# What is needed
Starting with the line with "Artificial 80cm Single" in the entries below and going on through the line with "Iris pseudacorus Blue – blistr 18 cm", output every line exactly and nothing more. No pictures.

# Material for this task
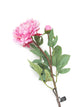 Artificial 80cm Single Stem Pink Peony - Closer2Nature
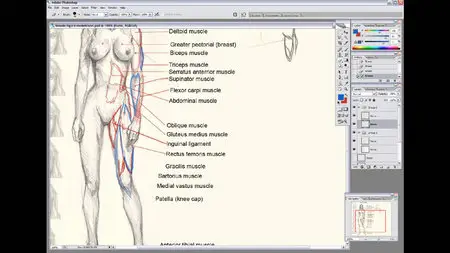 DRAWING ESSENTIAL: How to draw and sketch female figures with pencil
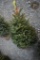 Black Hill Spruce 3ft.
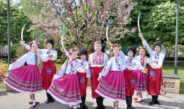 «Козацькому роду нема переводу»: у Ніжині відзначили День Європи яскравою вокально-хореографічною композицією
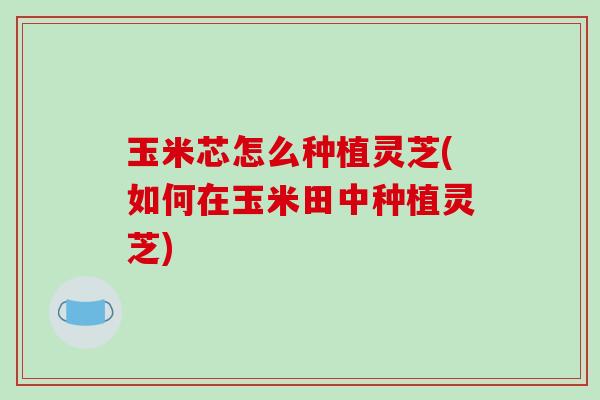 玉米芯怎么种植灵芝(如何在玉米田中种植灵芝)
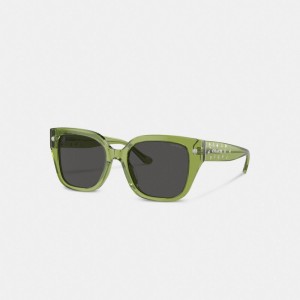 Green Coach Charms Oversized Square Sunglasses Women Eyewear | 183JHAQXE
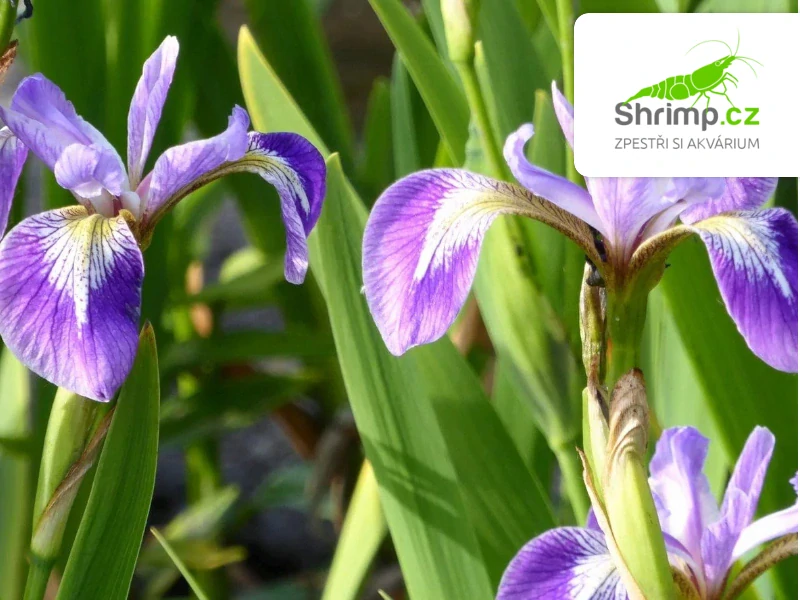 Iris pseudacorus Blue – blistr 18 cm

* * *

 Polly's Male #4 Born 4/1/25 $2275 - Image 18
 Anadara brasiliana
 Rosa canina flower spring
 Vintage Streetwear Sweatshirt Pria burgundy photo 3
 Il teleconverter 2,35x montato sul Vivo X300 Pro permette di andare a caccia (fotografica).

==

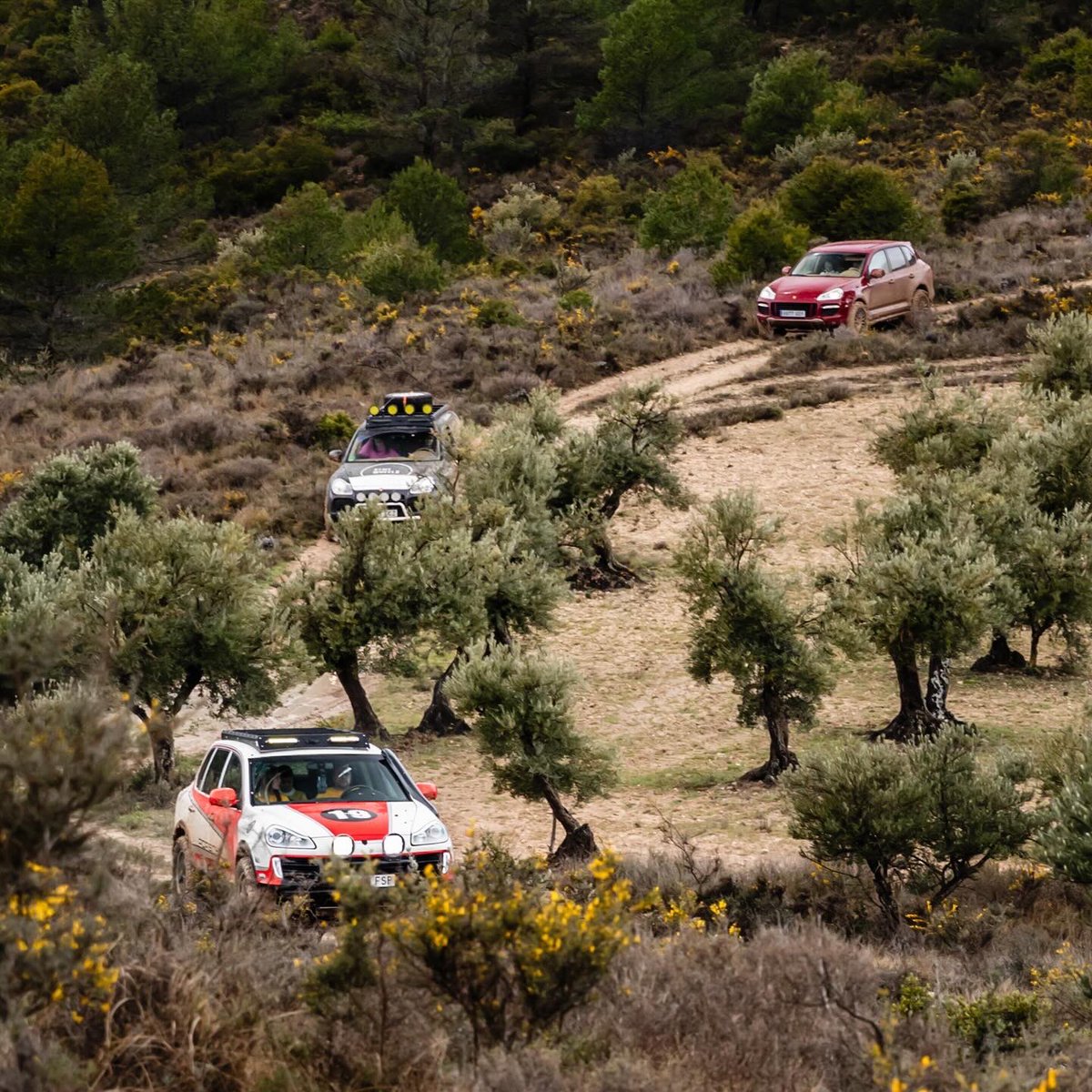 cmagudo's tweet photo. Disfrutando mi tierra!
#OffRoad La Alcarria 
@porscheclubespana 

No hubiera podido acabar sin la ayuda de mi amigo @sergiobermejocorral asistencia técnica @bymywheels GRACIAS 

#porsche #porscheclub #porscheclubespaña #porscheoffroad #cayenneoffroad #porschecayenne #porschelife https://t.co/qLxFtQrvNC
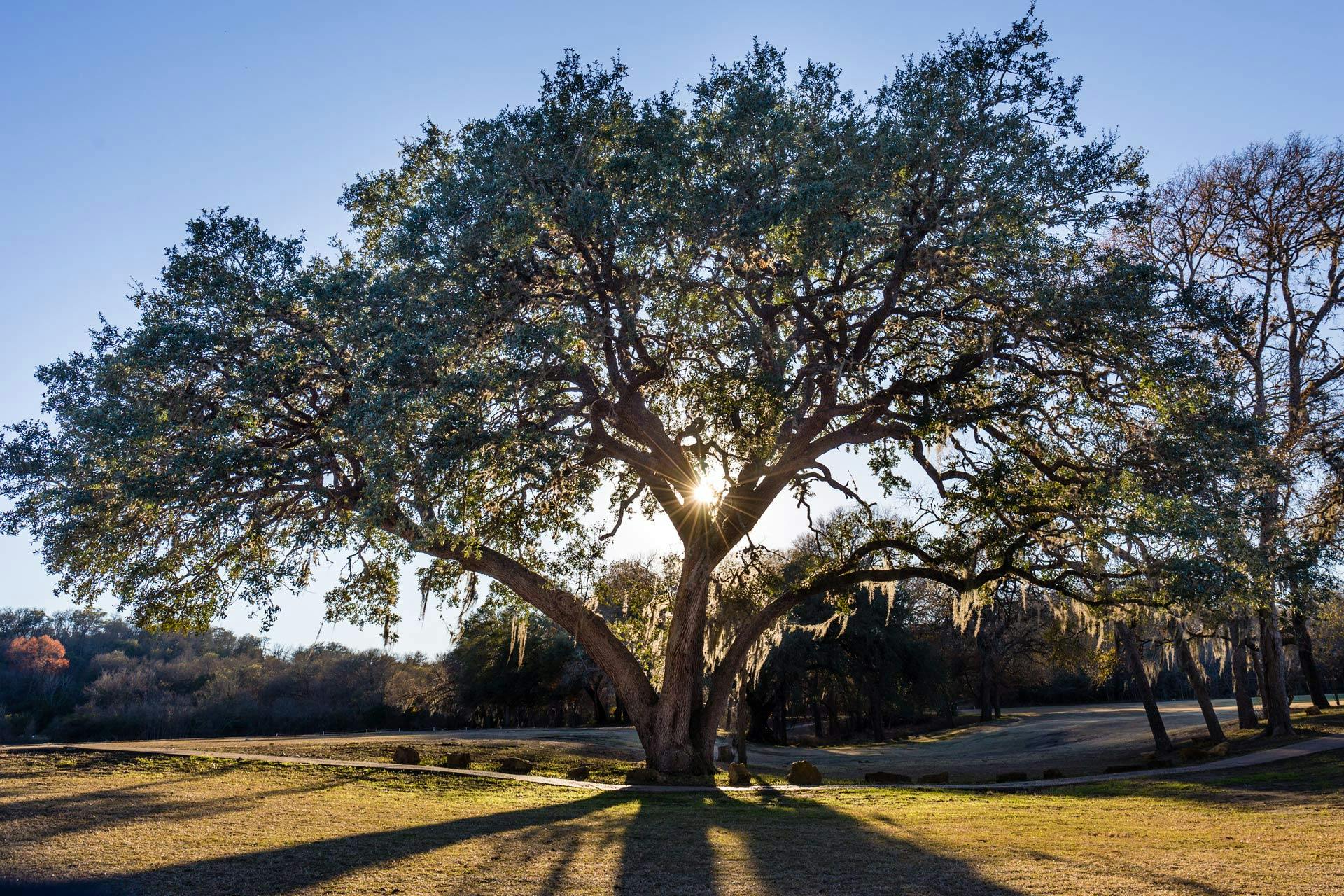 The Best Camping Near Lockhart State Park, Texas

# Solution to this exercise
 Artificial 80cm Single Stem Pink Peony - Closer2Nature
 DRAWING ESSENTIAL: How to draw and sketch female figures with pencil
 Black Hill Spruce 3ft.
 «Козацькому роду нема переводу»: у Ніжині відзначили День Європи яскравою вокально-хореографічною композицією
 玉米芯怎么种植灵芝(如何在玉米田中种植灵芝)
 Green Coach Charms Oversized Square Sunglasses Women Eyewear | 183JHAQXE
 Iris pseudacorus Blue – blistr 18 cm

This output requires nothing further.